Could you copy exactly the lines from the start of the records through the one containing "In this video", both included, and leave out the pictures?

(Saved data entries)
※

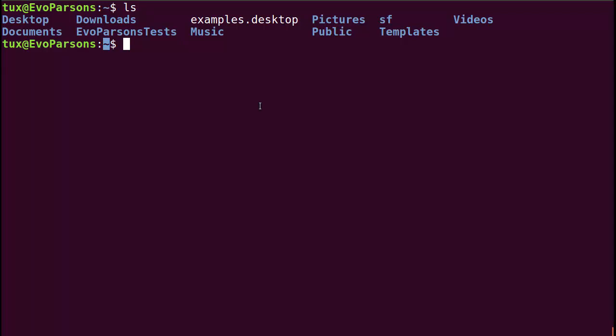As a matter of fact, there are more than just simple commands that we can type in a shell. There are actually five different types of things that we can tell the shell to execute on our behalf. Let's go over that list quickly.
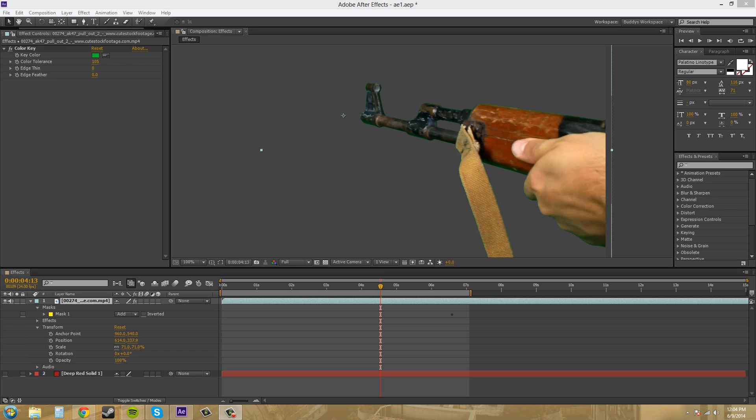Hello, everybody. Welcome to another After Effects CS6 tutorial. I'm your host, Buddy Blackford, and today I want to go over an additional tool to help you out with your color keying.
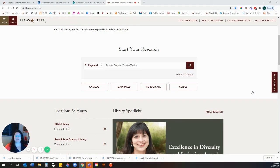Hi, I'm Megan Balangie. My pronouns are she/her, and I'm the Undergraduate Instruction and Outreach Librarian here at Alkek Library. This is a video for English 1310.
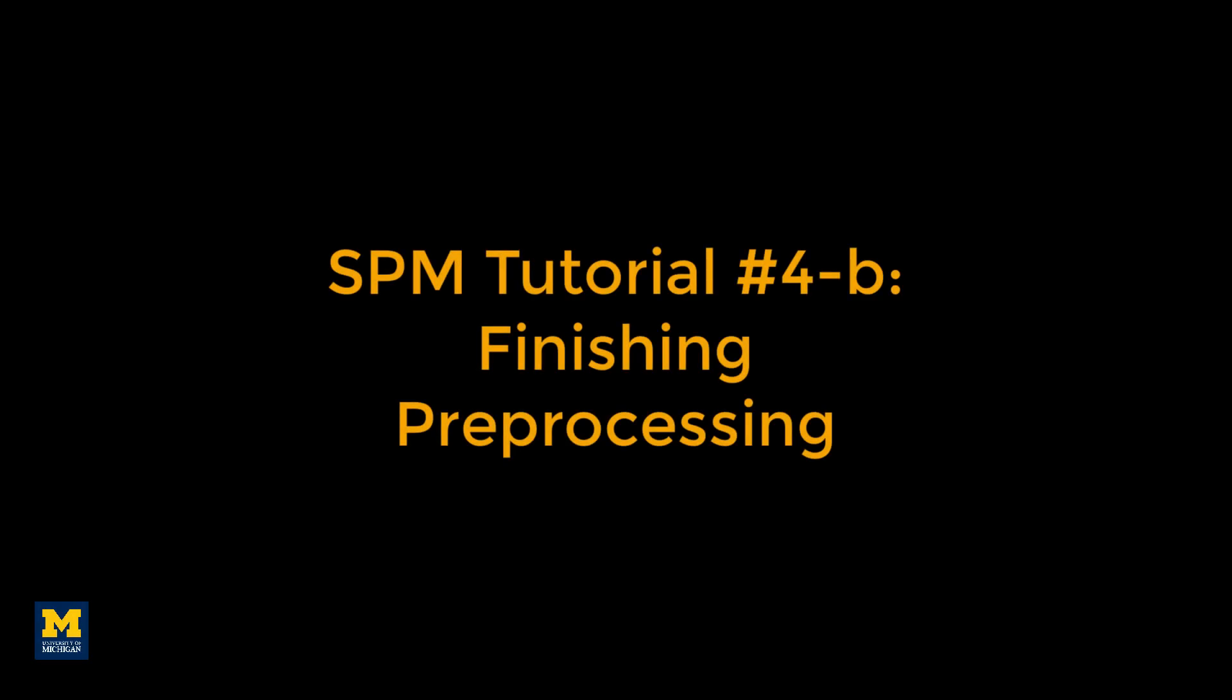In this video we will finish the preprocessing module by running all of the other steps, comparing the input and the output of each command to make sure that it ran successfully.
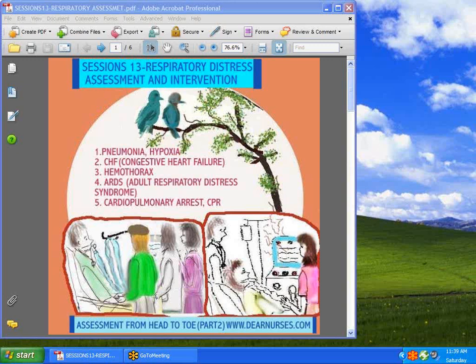Hi guys, we're back again with Session 13. Today we're going to discuss what is called respiratory distress, assessment, and intervention.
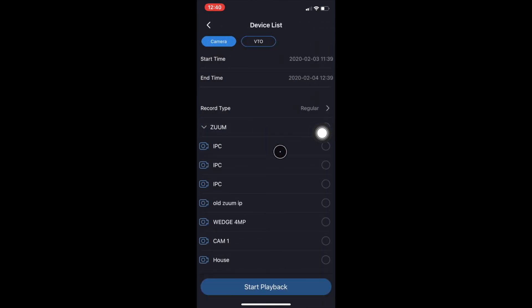And last but not least, under Regular, it pulls it up under the green color. And that is how you view playback. I hope this video helps you out. Thanks for watching.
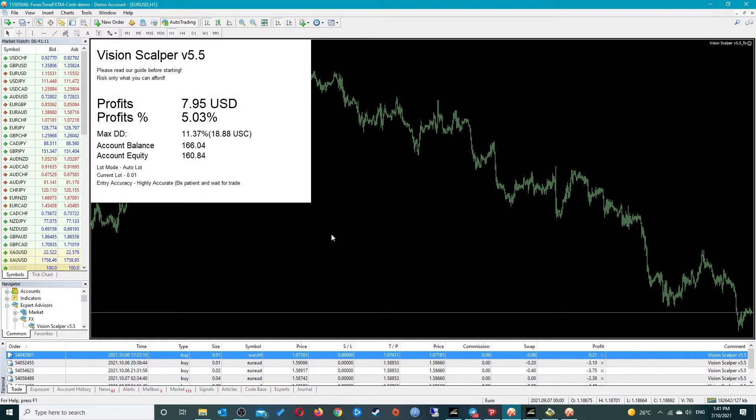Hey, what is going on friends, this is Ron from OptimizeFX and you're watching an installation and setup video for Vision Scalper version 5.5.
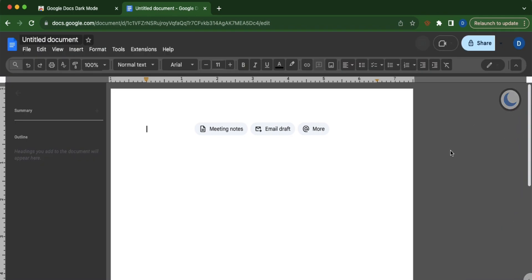And so that is how you make Google Docs background black. Thank you and have a great day.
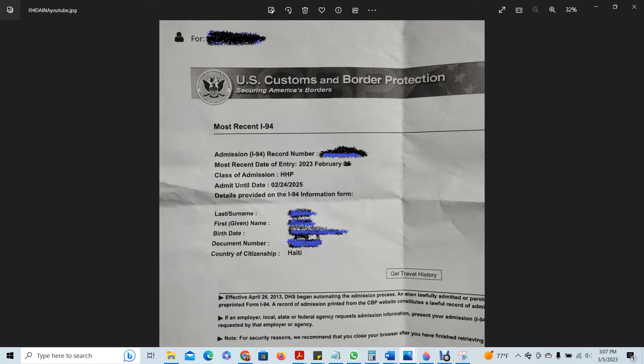All the details shown here will include the last name, the first name, date of birth, and the document number, which is the passport number. This is how you will get your I-94.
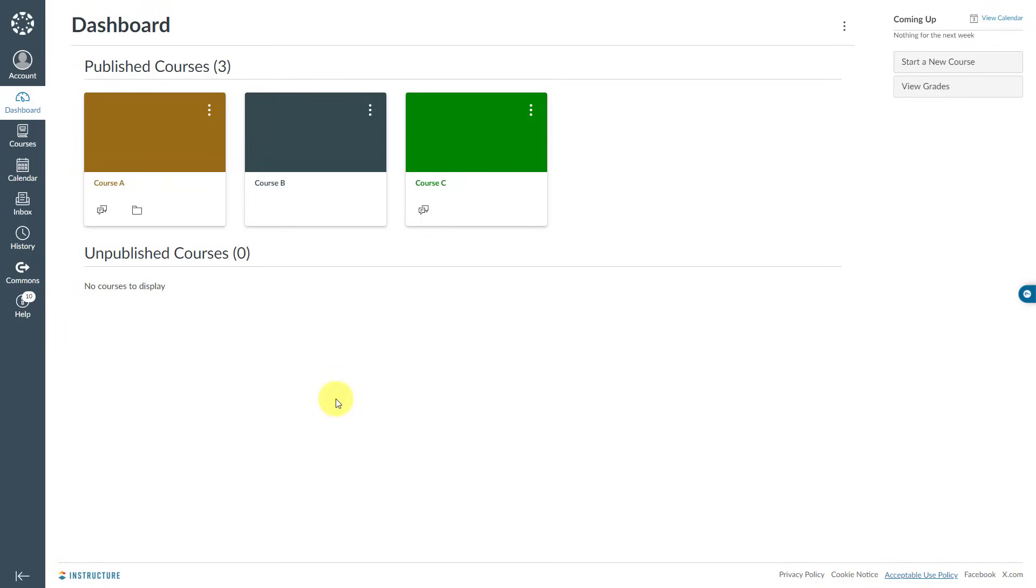Your Canvas dashboard might get really messy over time because as you are added to courses, there are going to be a lot of course tiles on your Canvas dashboard, which causes a problem. You might have difficulties finding the course you would like to click and log into.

※

* _OUTPUT OF THE TASK_
As a matter of fact, there are more than just simple commands that we can type in a shell. There are actually five different types of things that we can tell the shell to execute on our behalf. Let's go over that list quickly.
Hello, everybody. Welcome to another After Effects CS6 tutorial. I'm your host, Buddy Blackford, and today I want to go over an additional tool to help you out with your color keying.
Hi, I'm Megan Balangie. My pronouns are she/her, and I'm the Undergraduate Instruction and Outreach Librarian here at Alkek Library. This is a video for English 1310.
In this video we will finish the preprocessing module by running all of the other steps, comparing the input and the output of each command to make sure that it ran successfully.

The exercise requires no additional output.